Behind every great teacher, there was a college professor who combined inspiration and passion with educational theory and best practices for the classroom.
And behind the teacher preparation curricula in New York's public and private colleges and universities, there is NYSUT's belief that academic experts in education should take the lead in training the state's next generation of great teachers.
That's why NYSUT remains committed to its longstanding position that the certification of teachers "through accredited colleges and universities has strengthened the professional standing of teachers and established clear, consistent and rigorous preparation standards," as NYSUT leaders have told state Education Commissioner David Steiner. And that's also why NYSUT is speaking out about the Regents' plan that would allow non-collegiate providers, such as museums and nonprofits, to pilot teacher preparation models.
"While we support innovation and the call to pilot a new teacher preparation model, we also firmly believe that accredited colleges and universities must retain their leading role in preparing new teachers," says NYSUT Vice President Maria Neira. "It's a given in other demanding professions — law, medicine, engineering — that the training of new members is handled in an academic setting, subject to rigorous standards. Why would we accept any less for the training of new teachers, who will be responsible for the education of our most precious resource — our children?"
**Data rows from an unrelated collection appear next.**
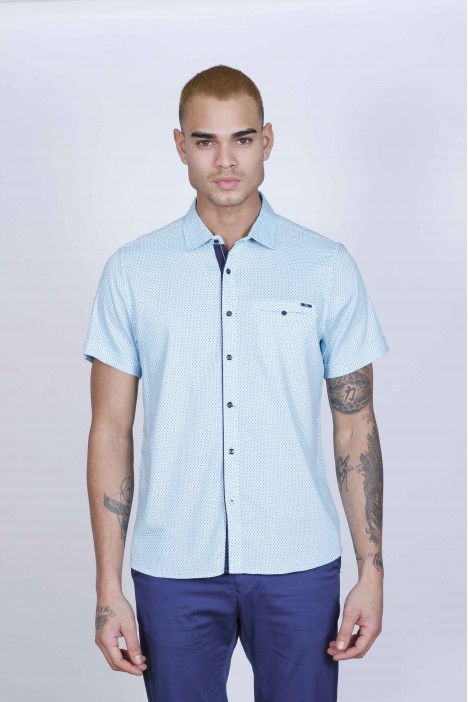 SPORT COTTON SHIRT IN TURQUOISE, SHORT SLEEVE, SNAP-BUTTON ON THE FRONT.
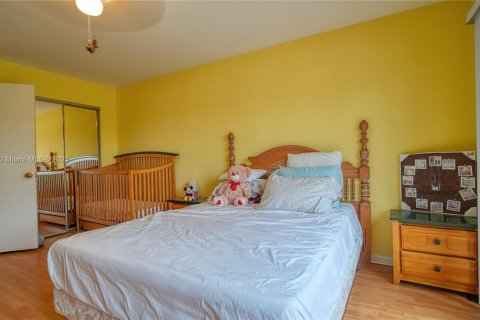 Townhouse in Davie, Florida 3 bedrooms, 228.26 sq.m. № 1809771 - photo 23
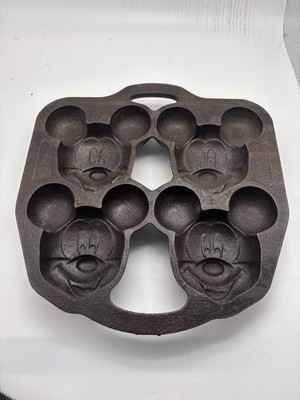 Disney USA Mickey Mouse Cast Iron Mold Muffin Cup Cake pancake Baking  Pan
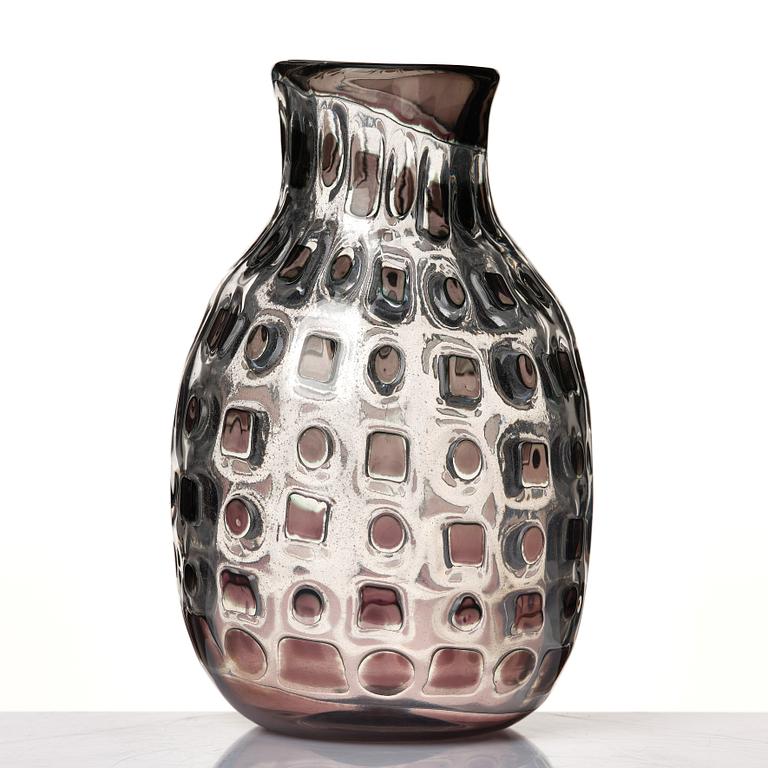 Edvin Öhrström, an "Ariel" glass vase, Orrefors 1947, no 422.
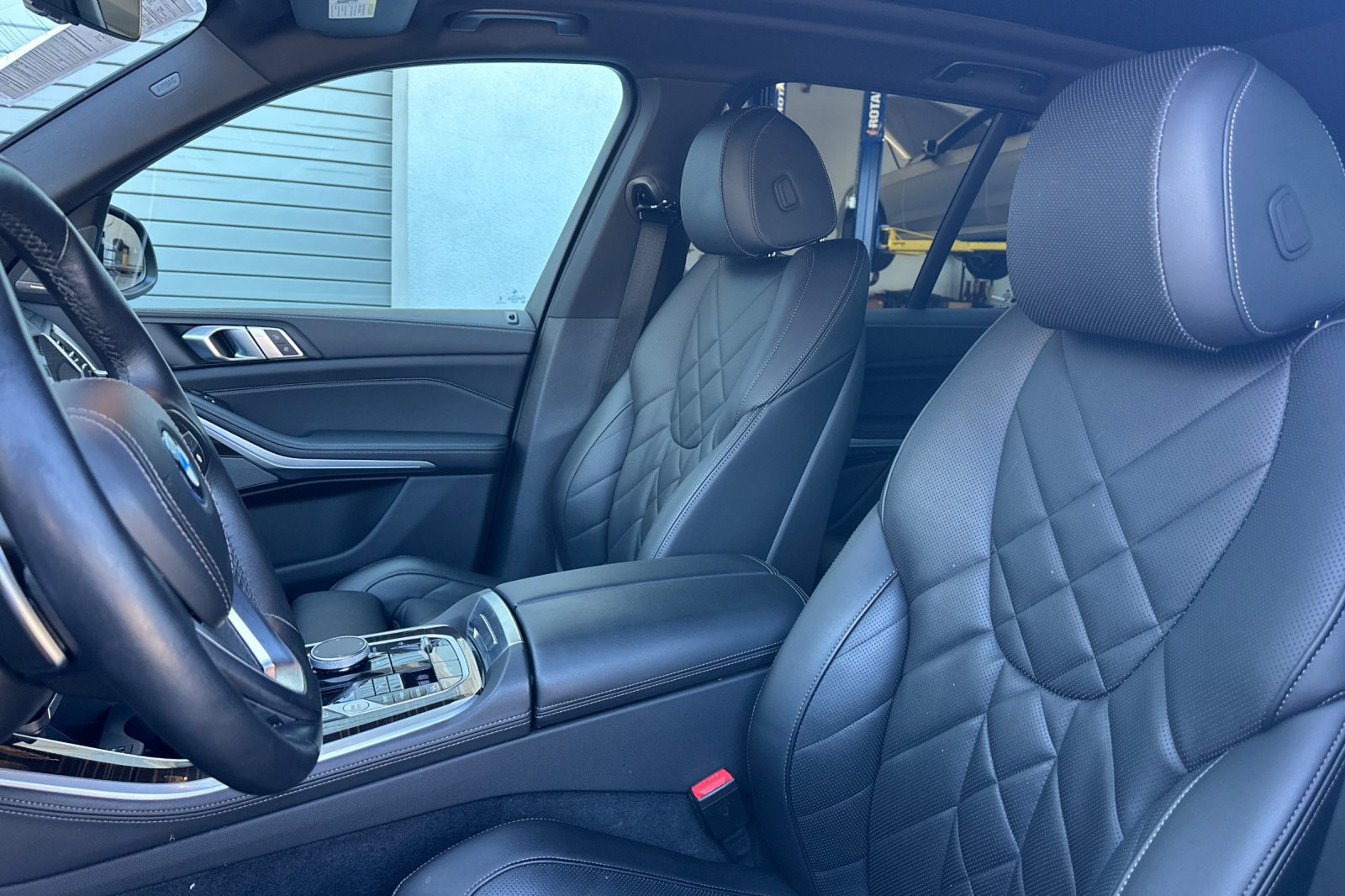 Used 2024 BMW X5 xDrive50e w/ Premium Package AWD/4WD image 5
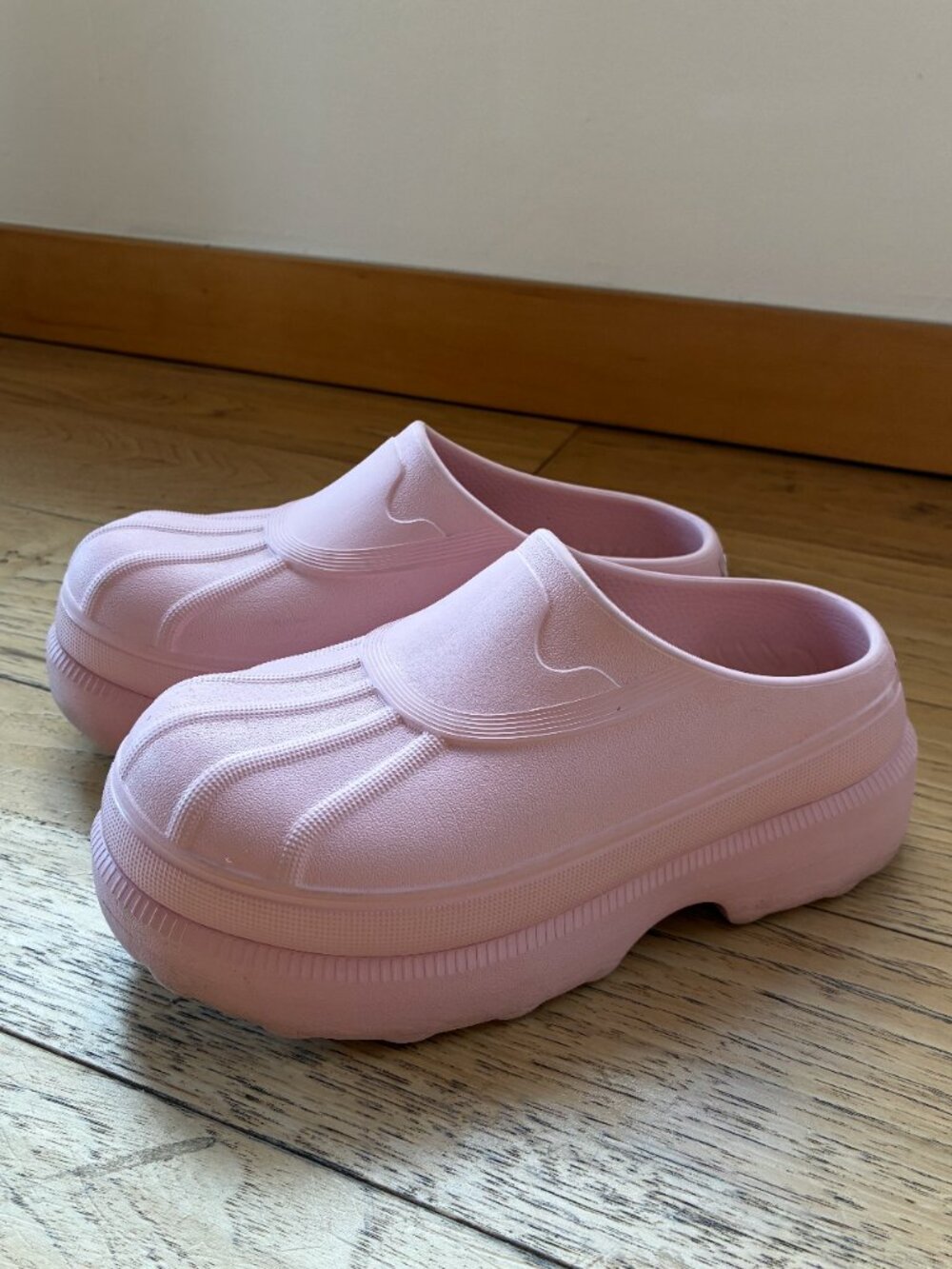Sorel Caribou Clog (light pink)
NYSUT higher education leaders echoed Neira's comments in a letter to Steiner late last year, just after the state Board of Regents issued its proposals for revised teacher preparation requirements.
The letter was signed by Neira, Barbara Bowen, president of the Professional Staff Congress at the City University of New York, and Phil Smith, president of United University Professions at the State University of New York.
Now, in the wake of U.S. Education Secretary Arne Duncan's recent visit to NYSUT as part of the secretary's "Courage in the Classroom" tour, and following the news that New York has received a $700 million federal "Race to the Top" grant, NYSUT is again taking the lead in discussion about teacher preparation.
Members of NYSUT's new "Teacher Preparation Work Group" will meet with Steiner Oct. 25 to discuss the regulatory changes. The work group consists of NYSUT leaders in higher education and members whose practical experience with teacher preparation makes them a valuable voice in the discussion.
"It's critical that teacher preparation remain in colleges and universities," says Bowen. "We are delighted that several members of the CUNY faculty who teach and publish in the fields of education are part of this work group, because of the years of experience they bring. While we support innovation in teacher preparation, the value of preparing teachers in college or university settings cannot be underestimated."
Along with NYSUT's role in teacher preparation comes the union's reminder to state education officials that when colleges and universities prepare the state's teachers it is supporting the state's public education system as a continuum, from pre-K to graduate school. UUP Vice President for Academics Fred Floss — a member of the Teacher Preparation Work Group — recognizes the many links between K-12 and public college/university systems.
In addition to his union work and his position as an economics professor at SUNY's Buffalo State College, Floss also serves on the Buffalo Control Board, which has oversight of the municipal spending for the City Schools.
"One of the reasons I wanted to serve on the control board was because I had a very good understanding of how K-12 works, from being a UUP member and officer," Floss says. "I think it's important that faculty and staff at SUNY are supportive of K-12 education. A number of our members are on school boards and work closely with our K-12 sisters and brothers."
Given these close collaborative ties across the spectrum of public education, and NYSUT's long involvement in teacher preparation, "we should be part of any discussion where teacher training is reviewed," Floss says.